The letter says Collender and 21-year-old Adela McCormick drove up to the EZ Take Out burger joint on La Palma Avenue in Yorba Linda in a red Nissan Sentra after 5 p.m. on June 29, 2010. They then got into the back seat of a truck that belonged to 18-year-old driver Chris C. and included passengers Michael F., 19, and Brianna M., 18. Everyone knew one another from Esperanza High School.
Collender is reported to have pointed his Beretta at all three friends, including the head of Chris C., and demanded that the driver give him Oxycontin and everyone give him personal property. Collender and McCormick, who later pleaded guilty to armed robbery and signed a statement admitting Collender's role in the crime, drove off in the Nissan after the robbery.

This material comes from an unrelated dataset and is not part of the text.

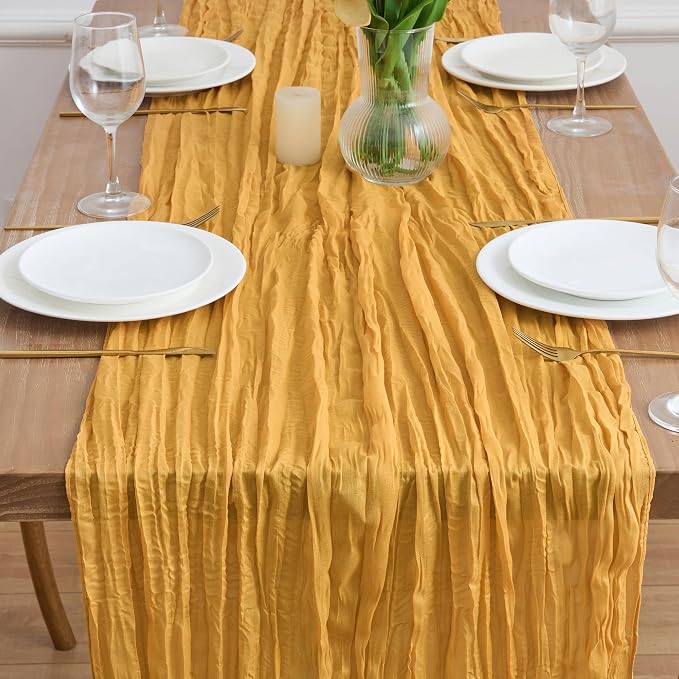 Asee'm 2pcs Gold Yellow Cheesecloth Table Runner Summer 10FT Rustic Gauze | - Image 2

Chris C. called Brea Police, which patrols Yorba Linda, about the robbery around 9:30 p.m. Detective Michael Johnson told Chris C. to come with Michael F. and Brianna M. to the police station to give statements. They provided Collender's name, car description, license plate number, type of gun used and the fact that the robber demanded $1,000 from Chris C.'s family. Chris C. and Brianna M. also picked out Collender's mugshot from a photo lineup.
Brea Police Officer Richard Salcido drove in a marked unit to Collender's home just before 11:30 p.m., when he spotted the red Nissan in the driveway. He was not sure if anyone was home. Meanwhile, Johnson called his partner Neel, who was preparing to go to bed, to come watch Collender's home while Johnson obtained a search warrant. Johnson is said to have told Neel there was probable cause to arrest Collender should he try to flee.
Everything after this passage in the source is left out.